Davis argues on appeal that since the SBA and Davis are both guarantors of the loan, they are thus coguarantors and Davis at least has an action for contribution against the SBA as a coguarantor.1 There are two reasons why this argument must fail. The first reason (one not addressed by the lower court or argued by the parties on appeal) is that the SBA regulations forbid the SBA from being in the position of a coguarantor. 13 C.F.R. ch. 1, Sec. 120.204-2(d) provides:2
(d) Guarantors. Guarantors of Financial Assistance, other than SBA, shall have no rights of contribution against SBA on a SBA guaranteed loan. SBA shall not be deemed to be a coguarantor with any other guarantors.
The SBA has clearly anticipated a contention such as is advanced here by Davis and provided by regulation against it. The guaranty documents also contain similar language.

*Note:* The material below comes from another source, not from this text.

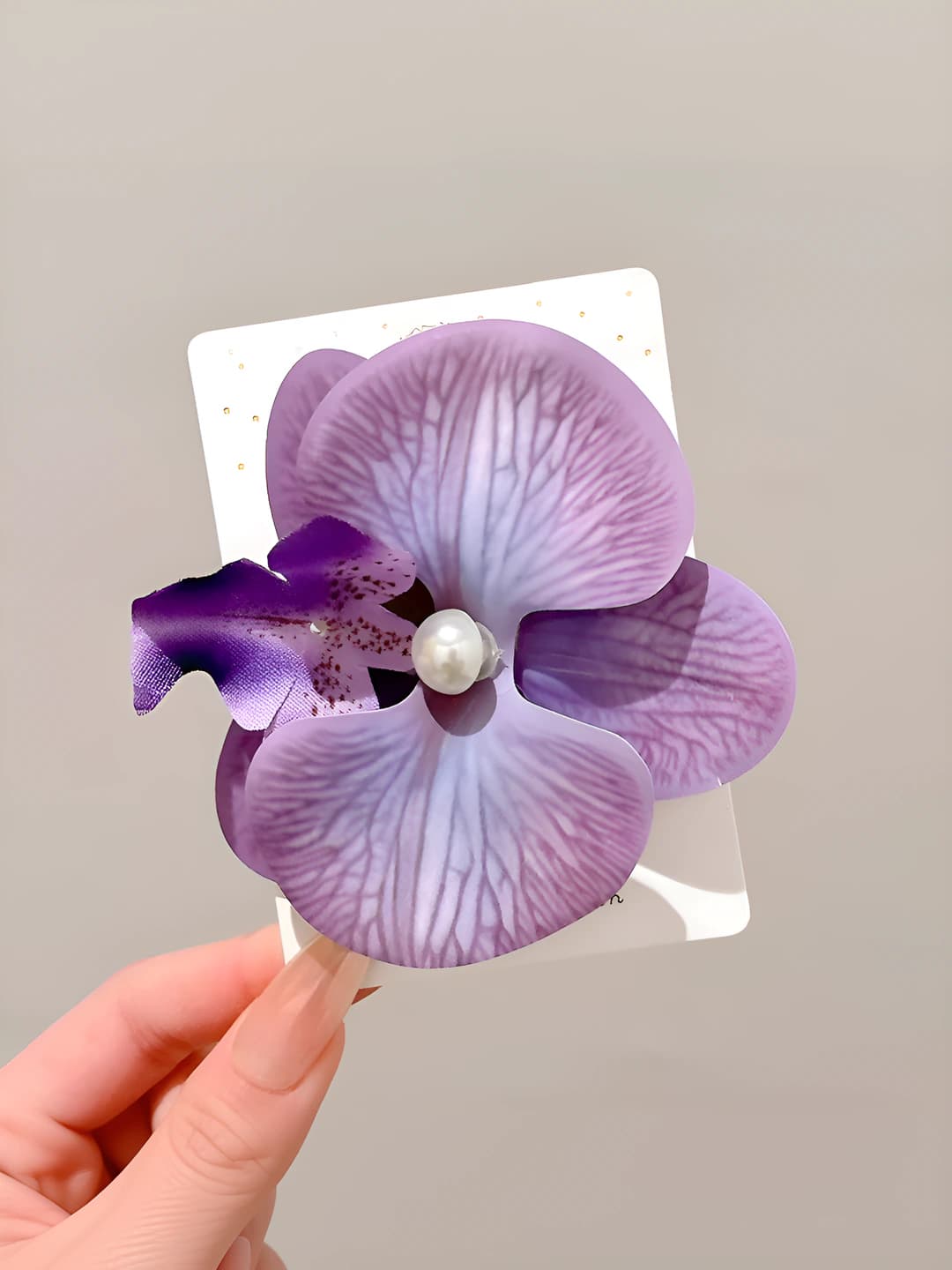 3# Binafsha phalaenopsis qisqich 9 sm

Second, Davis' argument misperceives the role of the SBA in connection with the financial support they provide for small businesses. As can be seen from the three types of loan participations outlined above--the SBA is only to participate as a last resort when private funds are not available and then only to the degree necessary to induce private lenders to act. Just as the legislation contemplates no government assistance unless absolutely necessary, it also contemplates that private loan transactions which it stands behind will proceed in their normal course.

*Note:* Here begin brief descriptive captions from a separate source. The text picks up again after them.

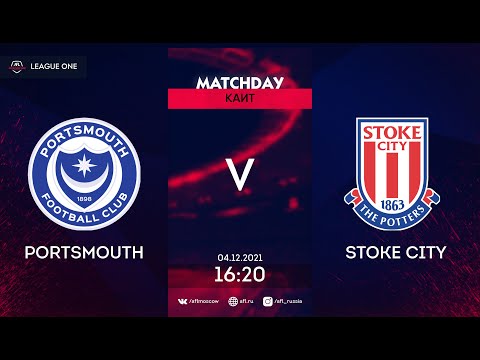 AFL21. England. League One. Day 6. Portsmouth - Stoke City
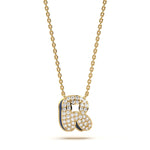 Mija Enamel 'R' Pendant 
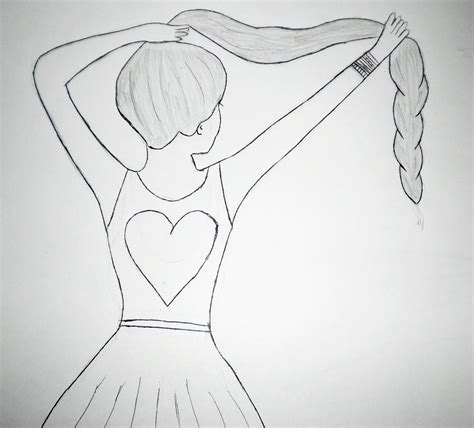 Easy Drawings To Draw Girls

Here, BancOhio loaned money to a small closely held corporation whose principal, if not only, assets were what it purchased with the loan proceeds. Under such circumstances the lending institutions will insist on someone from the corporation (here Davis) becoming personally liable on the loan as well as providing additional collateral. When the loan defaulted and BancOhio pursued Davis this was consistent with normal banking practice and reasonably within the contemplation of the parties at the time the loan was made. If the SBA were to be looked to prior to the lending institution exhausting its normal collection procedures, the limited funds appropriated would be unnecessarily dissipated.

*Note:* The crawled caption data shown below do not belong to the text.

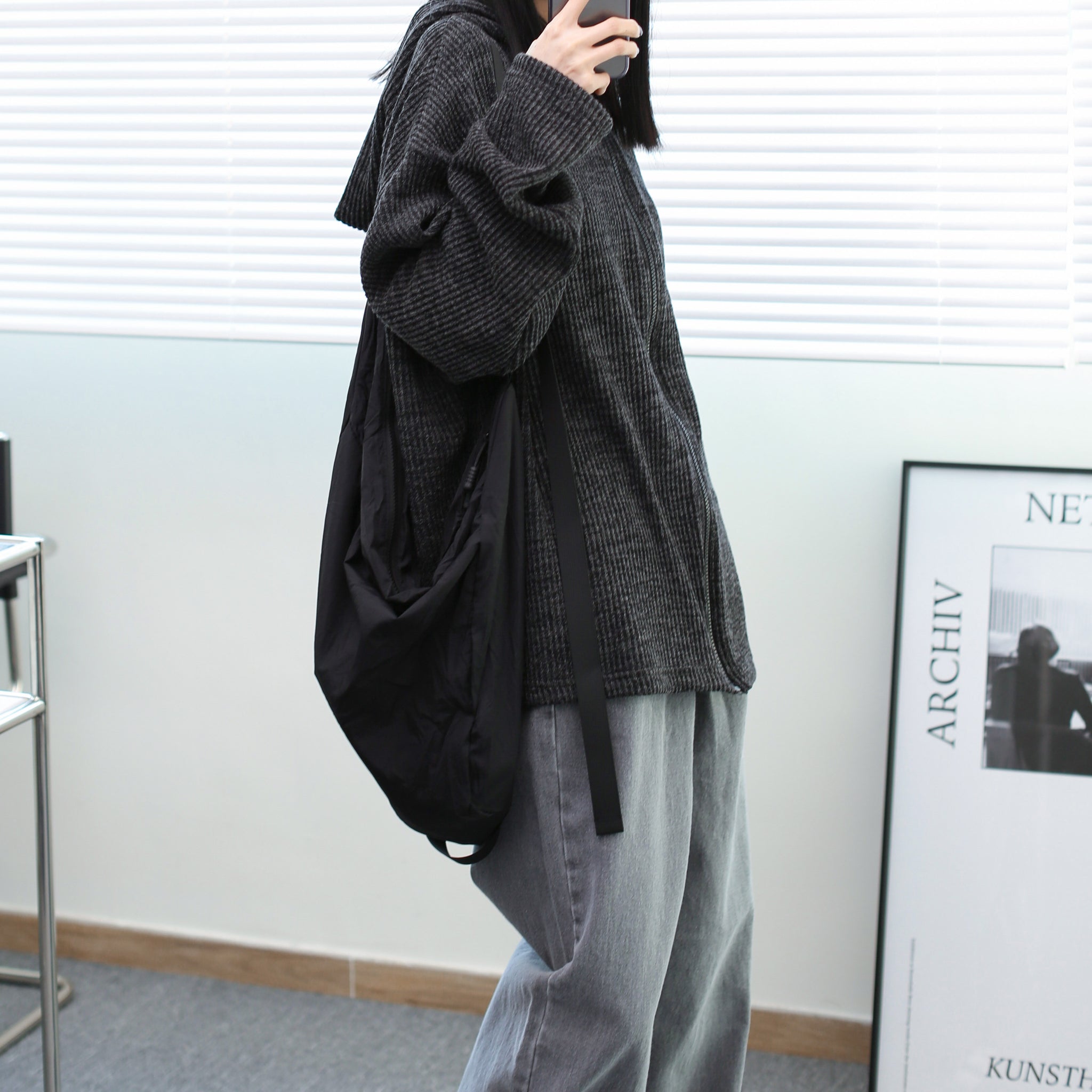 [BEST] Nylon Buckle Cross Bag/ 1色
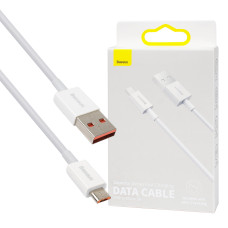 Кабель Baseus Superior Series Fast Charging Data Cable USB to Micro 2A 2m White (CAMYS-A02)
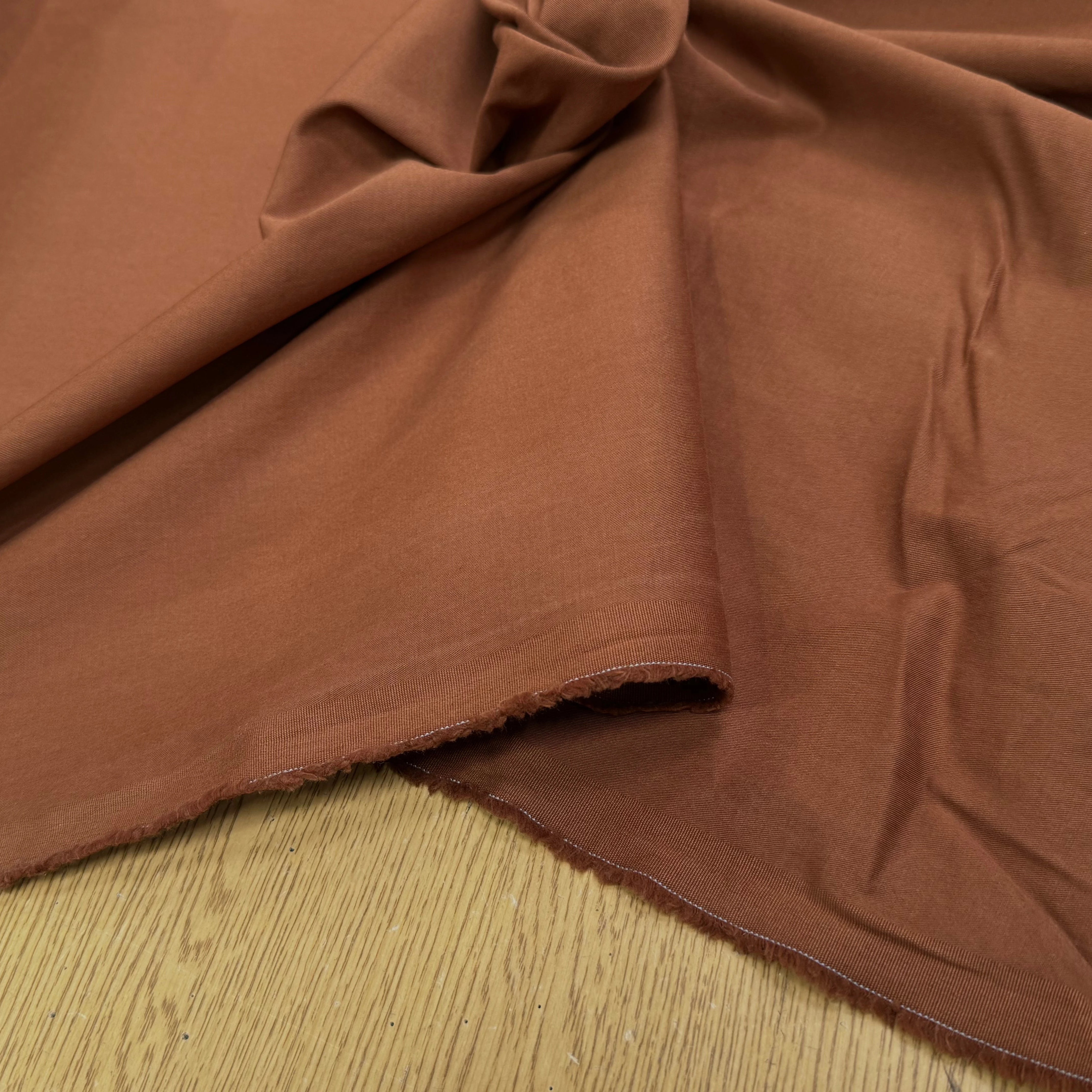 GABARDINE DE COTON STRETCH CARAMEL COUTURE - My Little Coupon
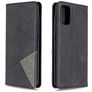 Mobigear Rhombus Slim Samsung Galaxy A41 Hülle Klapphülle - Schwarz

Finally, even if the SBA had stepped in and paid ninety percent of this loan, it would not help Davis. Pursuant to the terms of the agreement between BancOhio and the SBA, if SBA purchases a loan they then stand in the shoes of the bank with all the security and guarantees originally provided running to them. Thus, Davis would merely find himself being sued by the SBA instead of the bank.3
Honorable Horace W. Gilmore, United States District Court, Eastern District of Michigan, sitting by designation
Davis appears to have abandoned his "truth in lending" claim on appeal and appropriately so since it is without merit
Since the parties did not discuss this section, there is no challenge made to its validity. We see no legal obstacle to the SBA conditioning its participation on such a provision
Davis' argument as it relates to the fact that he paid a fee for the guaranty and therefore the SBA should pay the loan is meritless. It is the bank that pays the fee to the SBA. 13 C.F.R. ch. 1, Sec. 120.104-1 provides in pertinent part:
The Financial Institution shall pay a guaranty fee to SBA for each loan.
(c) Who Pays. The Participating Lender is responsible for paying the guaranty fee to SBA. For guaranty loans having a maturity of 12 months or less, the lender (having paid the fee to SBA) may charge borrower for the guaranty fee upon approval of the loan by SBA. For guaranty loans with maturities exceeding 12 months, a Lender (having paid the guaranty fee to SBA and made the first disbursement on the loan) may charge the borrower for the guaranty fee. The borrower may use loan proceeds to pay the fee.
The fee is simply the cost to the parties of securing SBA participation without which the loan would not be made. It does not change the legal obligations of the parties or impose any additional obligations on the SBA.